From the line containing "Tony Moncada y Su Combo" through the last line of the listing, output each line exactly as it stands. Omit pictures.

■ DATA FOR THIS TASK:
● ● ● ● ●

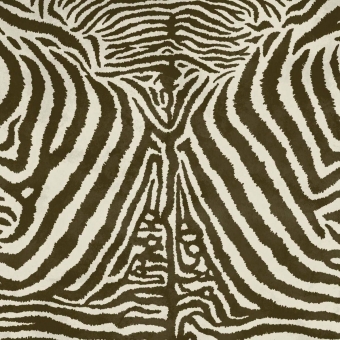 Papeles pintados panorámico Equus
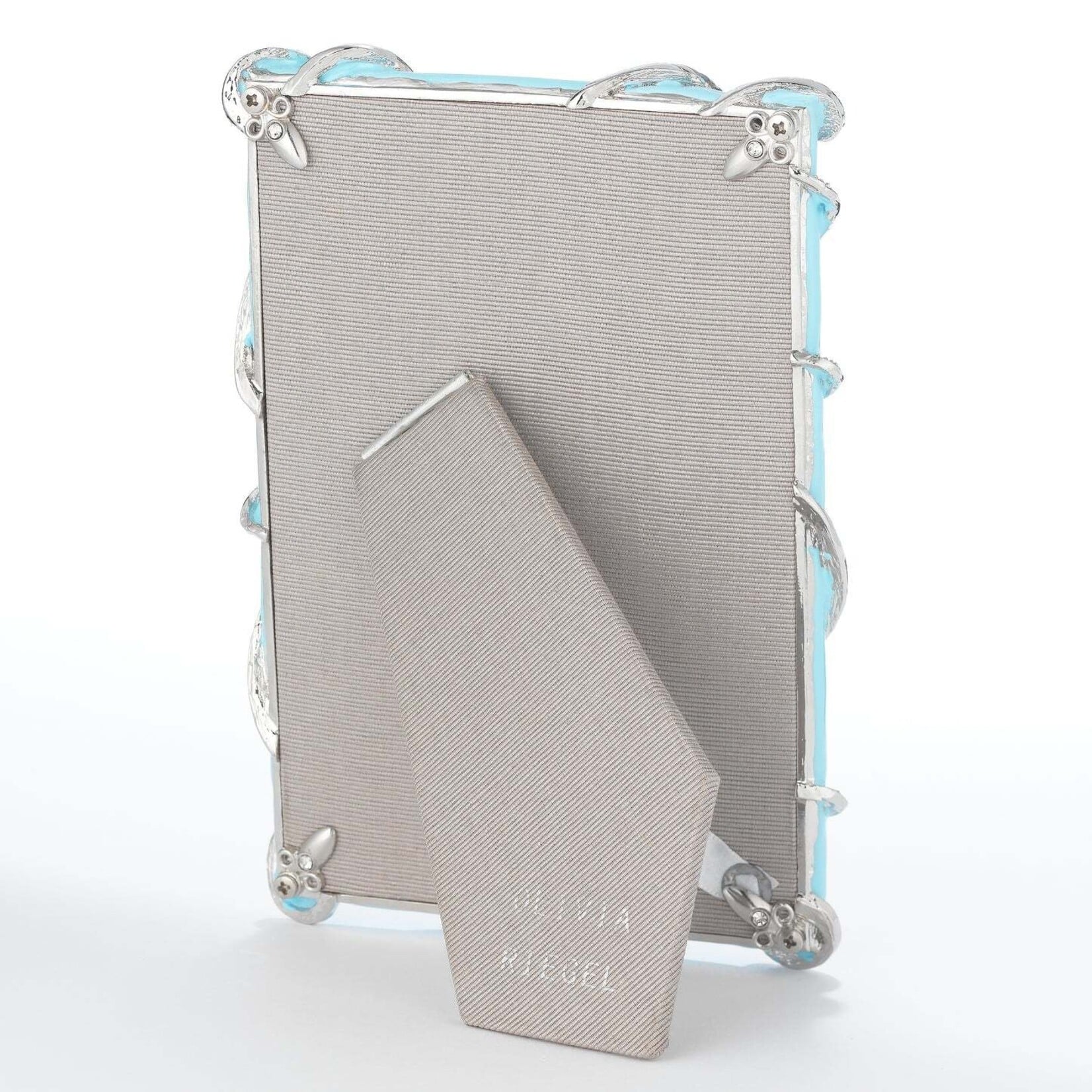 Olivia Riegel Harlow Picture Frame 4"x6"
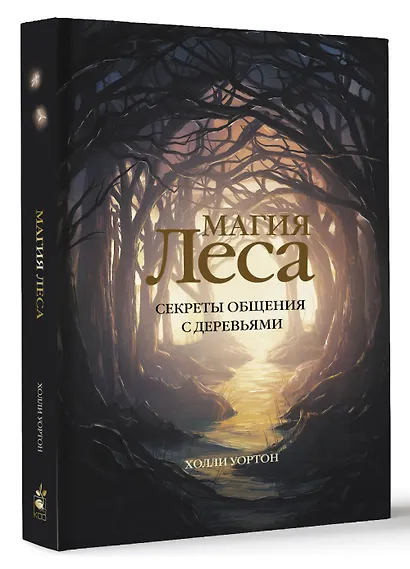 Магия леса. Секреты общения с деревьями - фото 3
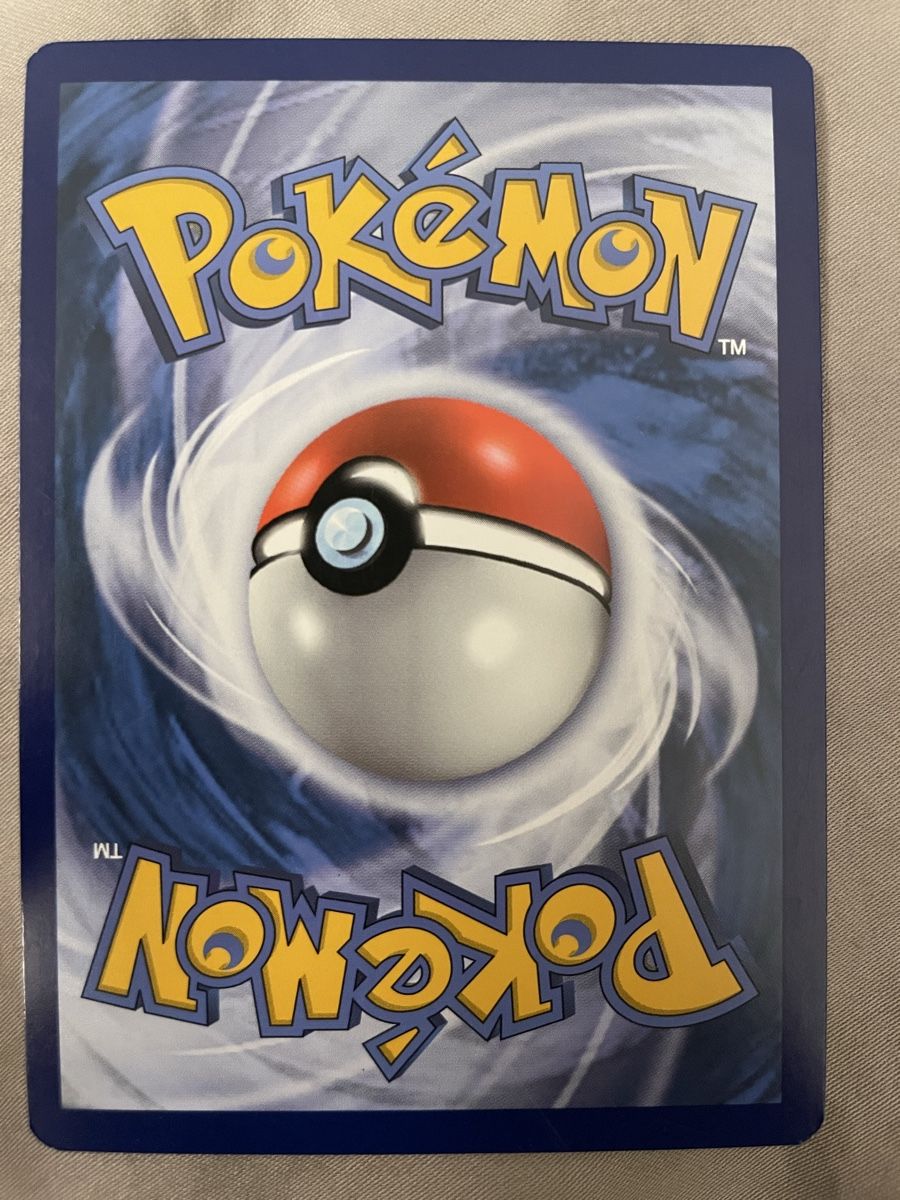 Pokémon Carte collezionabili: Double Energy Holo – Usato da Hergiswil NW venduto da rob_bmm8 1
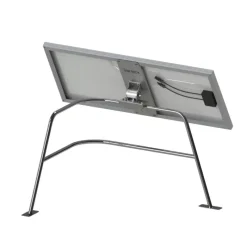 UNIFIX WB support nautisme | spécial balcon Energie Solaire·Equipement Solaire
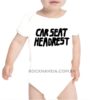 Body infantil Car Seat Headrest (versão 2) - Image 2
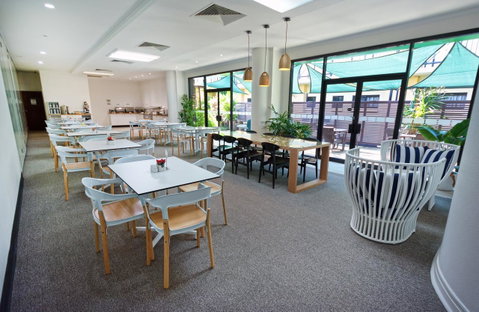 Palms City Resort - Accommodation Coffs Harbour 24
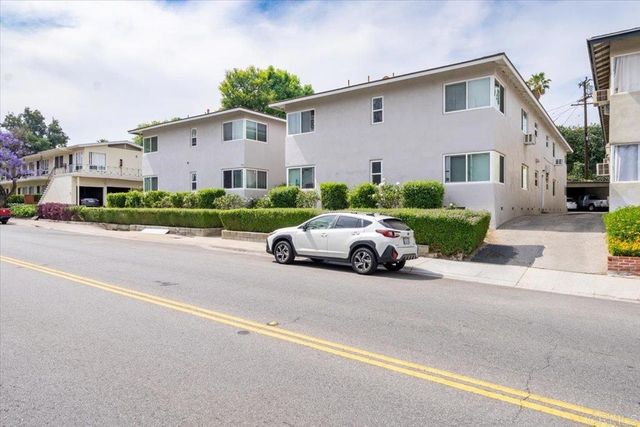 1714 1718 Grevelia Street, South Pasadena, CA 91030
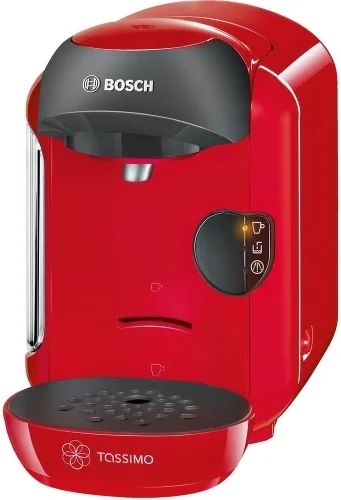 Лот: 8783409. Фото: 1. Кофеварка BOSCH TAS1253 Tassimo... Чайники, кофемашины, кулеры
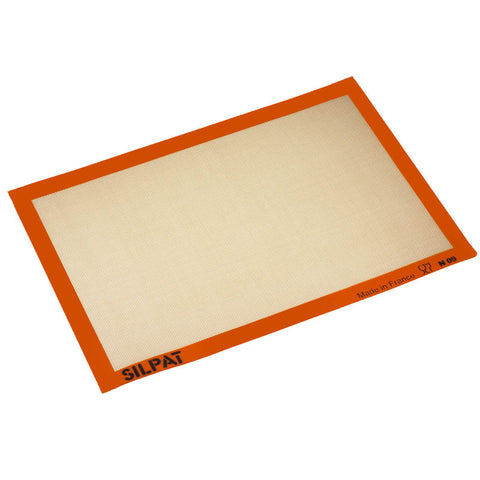 SILICON MAT 60X40CM (#58105)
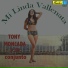 Tony Moncada y Su Combo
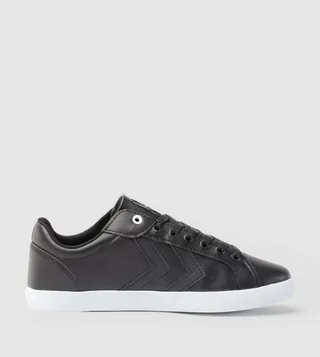 DEUO Court Heritage Unisex Sneakers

● ● ● ● ●

■ EXERCISE SOLUTION:
 Tony Moncada y Su Combo
 DEUO Court Heritage Unisex Sneakers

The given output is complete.